The Who, in their early days

Both songs also symbolize the journey of narratives that were undertaken within the counterculture, beginning with raw, petty nihilism, and a sense of knowing no better as a result of wishing to be eternally young “I hope I die before I get old”, unquestioningly writing off anyone who doesn’t fit the malaise of fast fashion and the “cool Brittania” of “swinging Sixties” London as “square”.

“My Generation” is for its time raunchous, angry and to the point. Like the punk rock movement phenomenon that engulfed the UK in 1977 to the tune of “Anarchy In The UK”, this was the sound and words of a generation of youngsters who in the midst of their impulses thought they were the essence of a revolution that once attained would be unsurpassable.

Yet in reality it was a quick dead end for a generation of youngsters who for the most part lacked the conscientiousness to realize that what made for their “rebellion” was in reality consumerism masquerading as a revolt against the very system they helped sustain through their spending habits, disposable incomes and lifestyle choices.

“Won’t Get Fooled Again” comes across as a sober wake up in contrast. Led by a pulsing, panning synthesizer tone (an attempt to attain the “universal chord”) and accentuated with upbeat power chord bashing, Roger Daltrey’s vocal is now less snotty but more powerful, less nasal and with more expressive range.  

Pictured to the right, insane skinsman for The Who Keith Moon with fellow Anglo drunkard Oliver Reed

Various manifestations of pop culture and music were also invoking a conscious effort to become something that went beyond the shallowness of the counterculture’s more superficial whims. Within less than a decade, the progressive rock movement had encapsulated this willingness to become more “complete”.
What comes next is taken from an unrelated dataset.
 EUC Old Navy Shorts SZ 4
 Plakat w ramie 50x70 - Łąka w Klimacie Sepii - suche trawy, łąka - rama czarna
His backing of Pete Townshend, Jon Entwistle and Keith Moon, though they have musically “matured” and found a greater sense of conceptual ambition, still sound intent on destroying and pummelling their instruments as much as possible. Whilst not “brutal” on an aesthetic level, we are talking of a band who may have without intent pioneered a “proto-death metal” vocal technique on “Boris The Spider”.

With “Won’t Get Fooled Again”, not only do The Who deliver a powerfully anthemic song, yet they appear to be very aware of the futility of the revolution they thought they would usher in, realizing that they themselves are now their own “royalty” and that history is bound to stages of blossom, wither and decay, that youthful energy is always at risk of giving way to sad decrepitude.

Such is the legacy of those who wish only to “seek and destroy”. Very often the artists life cycle burns quickly but brightly, so brazenly that no other direction but a “progression” beyond their initial “anger” becomes inevitable.